### Work to complete
In the records below, how many lines hold the word "Gallery"? Give only the number.

[Stored items from a collection]
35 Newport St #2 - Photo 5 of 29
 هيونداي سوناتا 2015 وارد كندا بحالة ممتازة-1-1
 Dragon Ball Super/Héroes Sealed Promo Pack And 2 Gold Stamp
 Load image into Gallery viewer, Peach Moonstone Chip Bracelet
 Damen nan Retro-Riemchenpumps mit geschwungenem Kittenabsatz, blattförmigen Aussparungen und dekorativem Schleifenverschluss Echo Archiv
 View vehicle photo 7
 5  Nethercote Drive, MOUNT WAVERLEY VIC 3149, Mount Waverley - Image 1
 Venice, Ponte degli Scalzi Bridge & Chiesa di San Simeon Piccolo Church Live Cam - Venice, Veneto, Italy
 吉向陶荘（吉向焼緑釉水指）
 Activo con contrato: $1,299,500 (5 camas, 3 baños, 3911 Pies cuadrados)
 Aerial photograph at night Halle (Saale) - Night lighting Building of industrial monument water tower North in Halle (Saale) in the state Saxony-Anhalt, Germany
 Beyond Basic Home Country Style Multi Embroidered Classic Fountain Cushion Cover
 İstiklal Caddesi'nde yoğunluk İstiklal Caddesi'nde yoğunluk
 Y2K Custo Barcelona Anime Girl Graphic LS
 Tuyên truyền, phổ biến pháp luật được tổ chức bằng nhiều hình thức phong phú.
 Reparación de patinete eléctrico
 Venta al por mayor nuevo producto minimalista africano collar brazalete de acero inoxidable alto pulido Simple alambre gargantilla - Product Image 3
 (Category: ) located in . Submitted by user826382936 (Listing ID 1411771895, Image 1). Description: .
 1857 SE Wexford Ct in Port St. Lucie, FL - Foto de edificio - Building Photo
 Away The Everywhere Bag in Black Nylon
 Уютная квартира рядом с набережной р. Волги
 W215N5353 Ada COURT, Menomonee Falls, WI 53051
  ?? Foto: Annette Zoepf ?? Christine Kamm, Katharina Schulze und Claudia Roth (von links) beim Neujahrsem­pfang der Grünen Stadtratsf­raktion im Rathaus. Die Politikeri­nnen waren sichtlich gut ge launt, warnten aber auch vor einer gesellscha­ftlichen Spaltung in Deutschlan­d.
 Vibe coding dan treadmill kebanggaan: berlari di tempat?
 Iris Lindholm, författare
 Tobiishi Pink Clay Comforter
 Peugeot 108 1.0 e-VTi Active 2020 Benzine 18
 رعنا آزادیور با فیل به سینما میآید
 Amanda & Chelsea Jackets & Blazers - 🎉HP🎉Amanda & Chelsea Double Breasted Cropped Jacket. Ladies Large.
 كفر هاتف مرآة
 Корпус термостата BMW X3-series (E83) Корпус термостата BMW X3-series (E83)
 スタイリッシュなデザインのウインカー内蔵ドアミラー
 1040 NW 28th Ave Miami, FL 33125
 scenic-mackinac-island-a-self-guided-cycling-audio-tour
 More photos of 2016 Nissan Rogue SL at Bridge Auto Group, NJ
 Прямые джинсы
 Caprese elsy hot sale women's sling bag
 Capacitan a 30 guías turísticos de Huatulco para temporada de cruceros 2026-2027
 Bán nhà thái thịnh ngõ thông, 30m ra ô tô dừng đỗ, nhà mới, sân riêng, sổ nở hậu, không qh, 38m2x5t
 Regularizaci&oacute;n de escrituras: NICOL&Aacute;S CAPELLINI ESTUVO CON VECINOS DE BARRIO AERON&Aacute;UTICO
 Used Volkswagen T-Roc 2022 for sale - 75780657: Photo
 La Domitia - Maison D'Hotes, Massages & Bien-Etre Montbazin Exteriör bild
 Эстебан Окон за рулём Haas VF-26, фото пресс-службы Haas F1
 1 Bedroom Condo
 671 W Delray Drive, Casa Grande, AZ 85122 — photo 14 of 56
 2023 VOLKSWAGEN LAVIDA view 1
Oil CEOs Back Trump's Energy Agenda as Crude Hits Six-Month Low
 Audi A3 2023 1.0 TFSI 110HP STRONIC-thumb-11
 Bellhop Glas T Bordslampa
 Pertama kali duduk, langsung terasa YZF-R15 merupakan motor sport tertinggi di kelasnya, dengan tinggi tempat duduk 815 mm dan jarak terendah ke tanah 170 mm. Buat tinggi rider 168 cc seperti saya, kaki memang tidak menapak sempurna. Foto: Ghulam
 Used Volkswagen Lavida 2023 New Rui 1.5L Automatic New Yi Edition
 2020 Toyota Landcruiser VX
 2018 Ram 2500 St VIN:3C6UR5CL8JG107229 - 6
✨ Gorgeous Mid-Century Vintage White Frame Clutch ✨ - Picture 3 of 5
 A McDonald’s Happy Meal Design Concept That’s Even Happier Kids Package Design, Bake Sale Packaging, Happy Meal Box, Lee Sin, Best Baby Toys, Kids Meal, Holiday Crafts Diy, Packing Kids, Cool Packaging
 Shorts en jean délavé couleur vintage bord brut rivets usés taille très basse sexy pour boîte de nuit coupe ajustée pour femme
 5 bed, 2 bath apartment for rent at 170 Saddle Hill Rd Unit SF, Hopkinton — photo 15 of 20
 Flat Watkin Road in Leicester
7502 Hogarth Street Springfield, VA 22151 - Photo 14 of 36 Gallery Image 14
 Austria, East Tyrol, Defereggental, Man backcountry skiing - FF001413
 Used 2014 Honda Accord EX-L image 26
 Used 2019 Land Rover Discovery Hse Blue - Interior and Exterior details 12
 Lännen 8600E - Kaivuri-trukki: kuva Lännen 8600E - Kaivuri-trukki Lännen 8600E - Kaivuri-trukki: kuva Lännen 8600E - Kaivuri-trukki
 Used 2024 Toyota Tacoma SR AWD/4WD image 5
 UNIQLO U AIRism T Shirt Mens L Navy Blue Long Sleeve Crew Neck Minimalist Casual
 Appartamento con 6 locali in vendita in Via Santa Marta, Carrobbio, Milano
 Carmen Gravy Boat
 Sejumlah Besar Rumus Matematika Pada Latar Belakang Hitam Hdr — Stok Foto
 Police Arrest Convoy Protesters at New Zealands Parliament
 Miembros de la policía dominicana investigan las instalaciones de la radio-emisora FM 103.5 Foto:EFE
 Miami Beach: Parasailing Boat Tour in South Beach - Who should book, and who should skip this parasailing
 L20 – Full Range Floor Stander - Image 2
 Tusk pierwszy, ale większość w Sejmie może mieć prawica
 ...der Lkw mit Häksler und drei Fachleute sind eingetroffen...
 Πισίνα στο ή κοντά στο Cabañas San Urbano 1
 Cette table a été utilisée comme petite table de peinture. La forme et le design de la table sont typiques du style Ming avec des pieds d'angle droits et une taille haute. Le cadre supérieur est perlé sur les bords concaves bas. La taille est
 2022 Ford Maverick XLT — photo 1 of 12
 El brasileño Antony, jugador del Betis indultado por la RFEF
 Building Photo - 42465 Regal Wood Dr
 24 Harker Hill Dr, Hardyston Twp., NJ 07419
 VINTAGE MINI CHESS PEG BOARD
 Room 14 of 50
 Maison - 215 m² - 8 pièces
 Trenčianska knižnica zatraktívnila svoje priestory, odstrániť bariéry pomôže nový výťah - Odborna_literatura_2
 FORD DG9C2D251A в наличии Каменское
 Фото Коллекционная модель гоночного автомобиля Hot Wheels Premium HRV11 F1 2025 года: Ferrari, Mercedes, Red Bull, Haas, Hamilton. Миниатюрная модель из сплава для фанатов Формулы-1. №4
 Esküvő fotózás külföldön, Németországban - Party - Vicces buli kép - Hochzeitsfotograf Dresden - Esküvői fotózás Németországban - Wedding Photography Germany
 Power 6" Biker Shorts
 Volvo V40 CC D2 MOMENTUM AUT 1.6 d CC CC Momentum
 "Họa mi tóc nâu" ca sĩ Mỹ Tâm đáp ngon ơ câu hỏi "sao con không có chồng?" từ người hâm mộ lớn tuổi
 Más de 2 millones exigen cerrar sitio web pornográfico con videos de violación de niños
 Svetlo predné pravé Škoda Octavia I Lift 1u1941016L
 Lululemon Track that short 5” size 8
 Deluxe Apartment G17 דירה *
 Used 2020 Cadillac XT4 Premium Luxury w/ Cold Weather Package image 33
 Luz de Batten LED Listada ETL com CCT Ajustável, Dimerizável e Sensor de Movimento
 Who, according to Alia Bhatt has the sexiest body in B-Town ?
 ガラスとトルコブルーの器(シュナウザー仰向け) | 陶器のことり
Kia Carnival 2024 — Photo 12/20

### Response to the task
2